A two-minute real-time demonstration of how to, well, brush your teeth, this mildly hypnotic mega-hit has been adopted by parents across the UK as a theme song to this twice daily ritual – much to the delight of dentists.

In fact, it was a dentist who suggested it, the show’s creator, Grant Orchard, tells HuffPost UK.

“I didn’t want to do it initially,” says Orchard. ”How do you do a tooth-brushing episode and not make it preachy, onerous and overly worthy?”

The aforementioned tooth doctor emailed in to suggest a whole episode on the topic. “She thought we could really get the message across – and immediately when I hear something like that I shudder a bit,” says Orchard.

Despite his initial misgivings, something about the idea appealed to the animator, who cut his teeth, groan groan, on an Oscar-nominated short, A Morning Stroll. “If it’s a good idea, I don’t dismiss it – it’s just very hard to shoehorn anything like that into a seven-minute preschool narrative without it being a clunky gear change from what’s usually expected from the show.”

What lifted things, says Orchard, was the voice performance of the smelly-breathed lion, Alain L’Odeur, provided by Tom Read Wilson, otherwise known as the receptionist on Celebs Go Dating. Now that is some acting range!

Studio AKA, the animators who make Hey Duggee, are mindful that little people make parents sit through episode after episode of the CBeebies show, again and again, and wanted to make the experience enjoyable rather than a chore.

This starts in the studio. “For life-saving reasons, we wanted it to be enjoyable to make, too, so we put a lot of stuff in for adults that would make us laugh,” says Orchard. “We feel like parents are going to have to sit through this a lot, and the more we can put in for them, the less they’ll resent that.”

Designing Duggee exhibition at the Design Museum, London.
Ed Reeve
Designing Duggee exhibition at the Design Museum, London.

Just as the animation disguises complex ideas in seemingly simple guises, Duggee himself is an enigma in a big cuddly body. His catchphrase of “A-woof”, is voiced by the show’s animation director turned co-director, Sander Jones, which began as a temporary solution, says Orchard – much like Brad Bird, director of The Incredibles, voicing Edna Mode in the Pixar film franchise.

“Animators and directors will do guide voices and sometimes everyone ends up liking them,” says Orchard of the production process. “Sander initially just went “A-woof” into the microphone on a desktop computer, and we all went, ‘Well, that sounds good! Let’s not get someone famous to do it!’ And he’s very versatile with his woofs.”
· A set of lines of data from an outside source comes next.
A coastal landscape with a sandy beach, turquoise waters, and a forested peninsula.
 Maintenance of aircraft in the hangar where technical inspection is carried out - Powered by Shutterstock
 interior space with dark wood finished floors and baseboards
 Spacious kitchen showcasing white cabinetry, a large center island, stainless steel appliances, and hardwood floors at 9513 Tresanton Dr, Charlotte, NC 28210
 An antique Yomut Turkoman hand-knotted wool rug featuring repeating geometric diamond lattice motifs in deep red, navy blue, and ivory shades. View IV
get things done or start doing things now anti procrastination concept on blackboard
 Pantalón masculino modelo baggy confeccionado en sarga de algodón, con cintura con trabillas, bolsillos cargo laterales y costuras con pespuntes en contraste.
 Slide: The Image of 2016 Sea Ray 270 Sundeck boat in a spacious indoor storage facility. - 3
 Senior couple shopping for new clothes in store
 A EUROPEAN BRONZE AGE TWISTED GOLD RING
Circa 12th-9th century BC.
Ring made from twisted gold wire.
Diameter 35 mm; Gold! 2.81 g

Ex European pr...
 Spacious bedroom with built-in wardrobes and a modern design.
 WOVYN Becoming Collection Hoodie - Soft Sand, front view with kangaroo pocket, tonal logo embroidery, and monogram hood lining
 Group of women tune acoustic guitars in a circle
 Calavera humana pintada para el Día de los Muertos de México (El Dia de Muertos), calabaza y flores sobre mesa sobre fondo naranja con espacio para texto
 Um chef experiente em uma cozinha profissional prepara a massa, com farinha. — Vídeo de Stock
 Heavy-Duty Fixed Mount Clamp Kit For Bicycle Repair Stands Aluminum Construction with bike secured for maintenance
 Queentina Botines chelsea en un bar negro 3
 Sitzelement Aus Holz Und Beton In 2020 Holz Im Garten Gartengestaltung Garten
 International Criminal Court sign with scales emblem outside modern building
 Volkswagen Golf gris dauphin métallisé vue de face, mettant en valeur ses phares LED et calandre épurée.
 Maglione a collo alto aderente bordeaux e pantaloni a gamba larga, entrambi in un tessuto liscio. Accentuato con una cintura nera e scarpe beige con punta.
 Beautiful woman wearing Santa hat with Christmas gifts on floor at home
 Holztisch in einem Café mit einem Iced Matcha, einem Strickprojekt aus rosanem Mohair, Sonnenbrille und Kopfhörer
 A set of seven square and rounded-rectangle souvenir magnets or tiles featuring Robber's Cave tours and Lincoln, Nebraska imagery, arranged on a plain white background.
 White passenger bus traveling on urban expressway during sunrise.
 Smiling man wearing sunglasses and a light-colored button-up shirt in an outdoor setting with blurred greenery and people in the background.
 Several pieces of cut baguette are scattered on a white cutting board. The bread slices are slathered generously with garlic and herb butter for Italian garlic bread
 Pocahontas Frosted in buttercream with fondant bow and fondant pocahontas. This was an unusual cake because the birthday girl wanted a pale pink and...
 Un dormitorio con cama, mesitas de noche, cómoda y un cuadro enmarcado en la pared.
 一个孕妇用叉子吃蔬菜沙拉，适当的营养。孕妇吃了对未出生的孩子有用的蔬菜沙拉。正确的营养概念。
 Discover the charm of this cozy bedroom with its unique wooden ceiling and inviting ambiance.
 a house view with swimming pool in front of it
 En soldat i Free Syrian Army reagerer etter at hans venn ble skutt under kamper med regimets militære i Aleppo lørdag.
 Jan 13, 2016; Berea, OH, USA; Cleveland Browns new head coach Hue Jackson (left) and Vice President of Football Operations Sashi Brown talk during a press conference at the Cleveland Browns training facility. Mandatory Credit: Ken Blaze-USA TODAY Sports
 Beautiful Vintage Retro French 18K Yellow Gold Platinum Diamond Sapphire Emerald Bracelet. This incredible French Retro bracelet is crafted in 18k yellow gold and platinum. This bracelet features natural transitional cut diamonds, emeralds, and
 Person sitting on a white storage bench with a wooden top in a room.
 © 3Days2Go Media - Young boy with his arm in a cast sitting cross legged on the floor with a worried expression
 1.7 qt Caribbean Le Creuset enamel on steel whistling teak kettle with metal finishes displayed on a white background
Given Jones’ skill in the woofing department, the studio is now building a searchable database of every woof he’s ever voiced, so some deep-cut, archive woofs can be reused. “He can do a rough woof, and it can search and drag out a woof from the past that matches it,” says Orchard. “Like, if the scene calls for a woof delivered with a particularly woody timbre, we can find that.”

What can we expect from the next series? Some absurdly-detailed gags, for starters, that still feel visually clear and comprehensible and make the dozenth viewing, well, less maddening than with a lot of shows.

Watch out for the Future Badge episode, in which Squirrel Club shows up in a variety of different historical eras, hilariously-rendered. Says Orchard: “There’s a bit where you can see three portraits of Duggee – and they’re all tributes to different artist’s oeuvres.” They’ve also made a gleefully messed-up variation of a classic Ray Bradbury story from the 1950s.

And as well as the joy of slipping sci-fi references into pre-school television, Orchard is simply happy that Hey Duggee now passes what he calls ‘the wedding test’. “If you meet someone at a wedding and they ask what you do, if you say ‘I work on Hey Duggee’, they might have heard of it now.”

Designing Duggee is free at the Design Museum, London until 6 January.